Diria que seu livro é uma reivindicação direta e implicada da prostituição? É uma reivindicação da possibilidade de que a mulher que escolhe esse trabalho possa desenvolvê-lo em boas condições. De que as putas possam criar as condições de trabalho que lhes pareçam dignas, seja em um bordel e em suas próprias casas. A prostituição não é uma profissão como as outras, mas precisa ser. Meu livro não é uma apologia da prostituição. É uma apologia daquele lugar concreto e de um momento concreto de minha vida. O tráfico de mulheres é outra coisa bem diferente, e eu não o conheci, mas deve ser inacreditável.
Como vê o futuro das prostitutas nos países em que a prostituição não é legal? Se a prostituição não for legalizada, as garotas de 15 e 17 anos continuarão no mato e nas estradas esperando clientes, continuarão existindo lugares abomináveis e continuarão encontrando prostitutas degoladas.
Por que deixou o trabalho? Teve a tentação de continuar exercendo o trabalho de prostituta? Sim. Se não tivesse sentido que meu desejo sexual estava adormecendo, teria continuado. Trabalhava em boas condições, me sentia feliz e economicamente digamos que era uma etapa muito agradável de minha vida. Mas decidi parar e voltar ao meu trabalho de garçonete em um café de Berlim e escrever livros.
Antes de ler seu livro, senti a tentação de pensar que toda essa história era mentira. Mas se o for, você é um gênio. Afirmo que é tudo verdade. Paguei à Fazenda alemã por meu trabalho como prostituta, continuam existindo fotos minhas nua na Internet e o bordel Le Manège continua aberto, mas com outro nome. Entendo que existam pessoas que não acreditem porque, claro, seria admitir que uma mulher pode trabalhar como puta e se sentir bem.
Mas Le Manège é um nome fictício. Como o bordel se chama realmente? Prefiro não dizer. Mas era um local ruim. Era dirigido por homens, uns albaneses que, enfim... Era tudo muito obscuro. A cocaína era abundante, você sentia medo, pensava que algum dia reteriam seu passaporte... Não era como em La Maison, que era dirigido por uma mulher —uma antiga dominadora— e era maravilhoso.

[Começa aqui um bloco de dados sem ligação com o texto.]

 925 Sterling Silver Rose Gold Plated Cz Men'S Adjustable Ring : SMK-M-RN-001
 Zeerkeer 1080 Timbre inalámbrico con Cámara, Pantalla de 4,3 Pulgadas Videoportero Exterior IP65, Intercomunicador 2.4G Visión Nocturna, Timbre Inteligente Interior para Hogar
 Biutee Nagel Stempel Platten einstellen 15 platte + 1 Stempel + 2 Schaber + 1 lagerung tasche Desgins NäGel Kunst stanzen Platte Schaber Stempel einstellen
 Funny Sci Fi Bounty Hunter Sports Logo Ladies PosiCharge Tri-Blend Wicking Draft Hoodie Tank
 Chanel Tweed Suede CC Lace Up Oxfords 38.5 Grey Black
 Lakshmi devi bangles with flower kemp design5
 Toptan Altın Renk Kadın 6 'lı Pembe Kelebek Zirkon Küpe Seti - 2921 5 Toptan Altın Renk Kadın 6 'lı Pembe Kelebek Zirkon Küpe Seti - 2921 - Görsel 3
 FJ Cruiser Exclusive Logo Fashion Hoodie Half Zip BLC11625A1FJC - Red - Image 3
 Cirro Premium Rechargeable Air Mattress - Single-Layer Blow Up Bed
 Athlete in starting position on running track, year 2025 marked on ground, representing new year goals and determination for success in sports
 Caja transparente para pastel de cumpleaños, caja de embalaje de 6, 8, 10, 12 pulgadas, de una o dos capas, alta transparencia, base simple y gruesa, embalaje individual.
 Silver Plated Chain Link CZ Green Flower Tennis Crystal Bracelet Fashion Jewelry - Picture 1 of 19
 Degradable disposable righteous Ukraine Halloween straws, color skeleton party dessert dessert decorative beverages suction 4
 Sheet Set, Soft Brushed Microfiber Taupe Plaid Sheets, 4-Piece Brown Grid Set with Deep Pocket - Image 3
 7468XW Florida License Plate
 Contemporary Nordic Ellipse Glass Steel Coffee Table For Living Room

Nabokov, Sade, Henry Miller, Maupassant, Louis Calaferte... são autores nos quais se pensa lendo La Maison. Acha que teriam facilidade em publicar hoje os livros que os tornaram célebres? Lolita? Justine? Trópico de Câncer? Está claro que há uma volta do puritanismo, uma volta atrás no moral, e nesse terreno a França é a campeã do mundo. Somos o país mais hipócrita do planeta. Tudo é feito às escondidas. E sobre isso que você me pergunta..., não, não acho que um livro como Lolita poderia ser publicado hoje.